One of the challenges for a 21st century researcher having grown up with popular romantic fiction such as that published by Harlequin, and Mills & Boon, classified as ‘romance’, is turning their attention to the early 20th century where the innocuous word has an entirely different meaning. Certainly, to consider early science fiction that touches on regenerative violence such as H.G. Wells’ War of the Worlds or Flash Gordon’s galactic swashbuckling cinematic adventures, with the label ‘romance’ may cause one to have a stroke. In fact, this researcher’s disdain for any kind of romantic notions in fiction would result in, at the very least, tea to be spit across their computer screen if something such as Cole’s The Struggle for Empire ever ended up in Amazon’s romance section.

And so, this post is written for those who read reviews of pre 20th century works and wonder why ‘romance’ has been applied to a work about trolls and elves, or why Alice in Wonderland is labelled a romance when she is obviously underaged. Of course, the flip side is also true in that a researcher may be disappointed to find stories where some kissing and even possibly fornication were expected but couldn’t be found in the 19th century French romance fiction Journey to the Centre of the Earth by Jules Verne.

Certainly, with so many genres to choose from in the 21st century, how is it possible that everything was lumped under just one, just over a hundred years go? How did anyone ever find anything they wanted to read? When did romance become the genre we recognise it to be today? When did the Boomers decide that romance meant romantic fiction, and every generation that followed recognised it as such, but the previous ‘silent’ generation continued to believe that science fiction and fantasy adventure shows and movies like Doctor Who, Star Trek, Star Wars, Blake’s 7 and Battlestar Galactica were classified as romance?

Depending on who you speak to, which country you’re in, and what evidence is accepted, you may get different answers as to when romance became just romantic fiction. Before I go into that, though, it is worth noting, and I thank Britannica for this, that romance comes from the Old French word ‘romanz’ – “the speech of the people”. It also comes from the Latin ‘Romanice’ meaning “the vulgar tongue” (Britannica – romance literature and performance)

So, romance is popular fiction, or pulp fiction, as opposed to literary fiction. The link gives you a very detailed history of the word, but I think, like most fiction these days, you’re going to be surprised by the twist.

The fact of the matter is that there has only ever been romantic fiction. Over the centuries, romantic fiction has included adventures that separate and bring together the main protagonists. Perhaps not in the explicit ways we might read today, but certainly lovers were separated and got back together. Now, anything can happen in that adventure. Separated across borders. Separated across seas. Separated between classes. Separated by wars, by opposite sides, by religion, by… you name it. Science fiction, for example was merely the next step of adding some prophetic extrapolation of science into a separation story. And that separation story did not need to ever be obvious. It could be a scientist and their assistant who ‘admire’ each other, and that’s it. It could be a boy sold into slavery finally getting back to his village and greeting the one he loves. No noticeable romantic actions. Not even a hug is needed. Yet, because there is an attraction, or a reason for living – the undefinable romance – these separation stories were all labelled romances.

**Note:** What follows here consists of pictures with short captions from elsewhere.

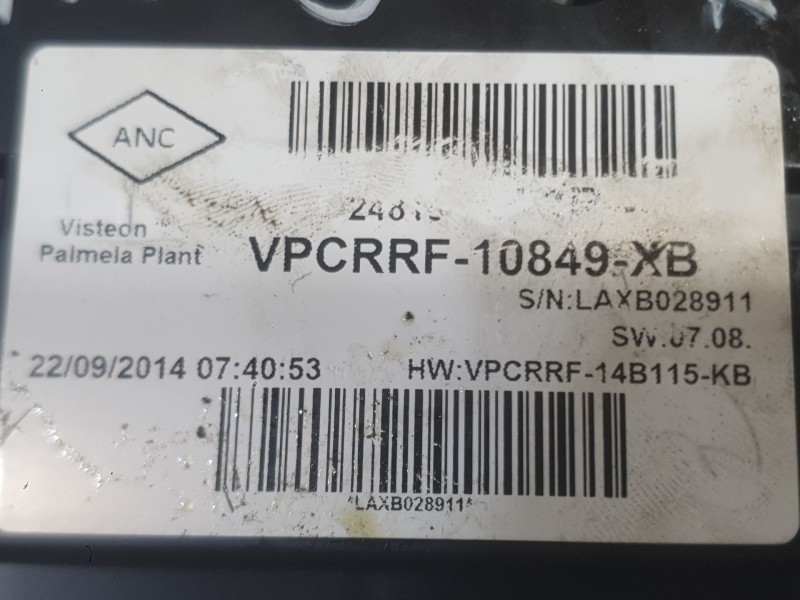 Recambio de cuadro instrumentos para renault clio iv (bh_) 1.5 dci 90 referencia OEM IAM 8201168016  
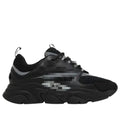 Black Silver Stripe Runners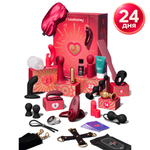 Адвент-календарь Lovehoney 24 Days Couples 2026, 24 ячейки
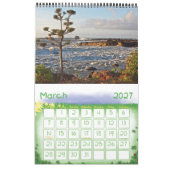 Calendrier Paradise (Mar 2027)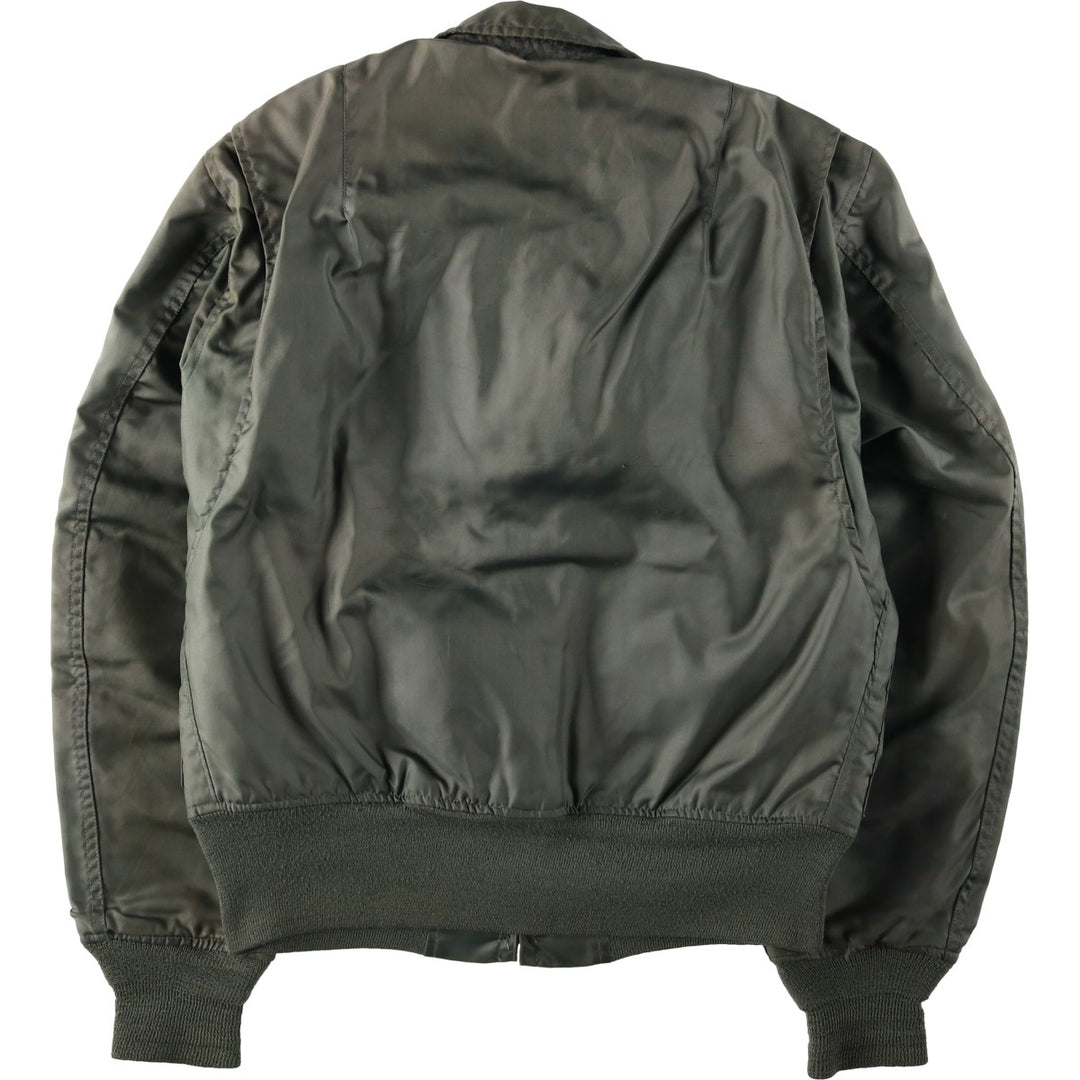 70's~ US military actual product CWU-36 polyamide Khaki type Vintage Second Hand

I prefer to think that, with the end of the 19th century, and romanticism already in its death throws, (the emotional art movement) along with the introduction of new technology like electricity and the telephone, that separation stories were already on the way out as a useful trope. After all, if you could contact each other via telegram or telephone, then filling in the gaps in a story with adventures to increase separation anxiety was less likely. In fact, with the rise of pure romances such as Pride and Prejudice, and Wuthering Heights, those romances with adventures taking up most of them had begun to be less popular as a romantic story, and more popular as a story that could be classified into a recognisable genre. I would say 1900 is when romance started to become more popular as a separate genre, and this is borne out by more pure romantic stories being found in newspapers of the time.

So, what really happened was that the fiction genres became more defined as more similar stories were written, and the romanticism disappeared from them. The romance was no longer about separation from a future partner. It could simply be a separation. How many times has a captain been separated from their ship? A traveller from their country?

As each adventure became more creative and less focused on the separation between two people, situations, property or events, more genres were formed. As each form of genre became clearer, crime, gothic, fantasy, space opera, etc, more works were written that redefined them and expanded what they were into something more.

The twist is that romance hasn’t been added to science fiction, just as it hasn’t been added to detective stories or fantasy. All those other genres came from romance and what we know as romantic fiction today, was simply a distillation of the kinds of stories original romances were like over 2000 years ago. They have always been here and will always be here and will continue to create new genres as the world moves forward. Romance is the original progenitor of every genre you have ever encountered.

Romance=Popular Fiction

Now, excuse me while I get a stiff drink.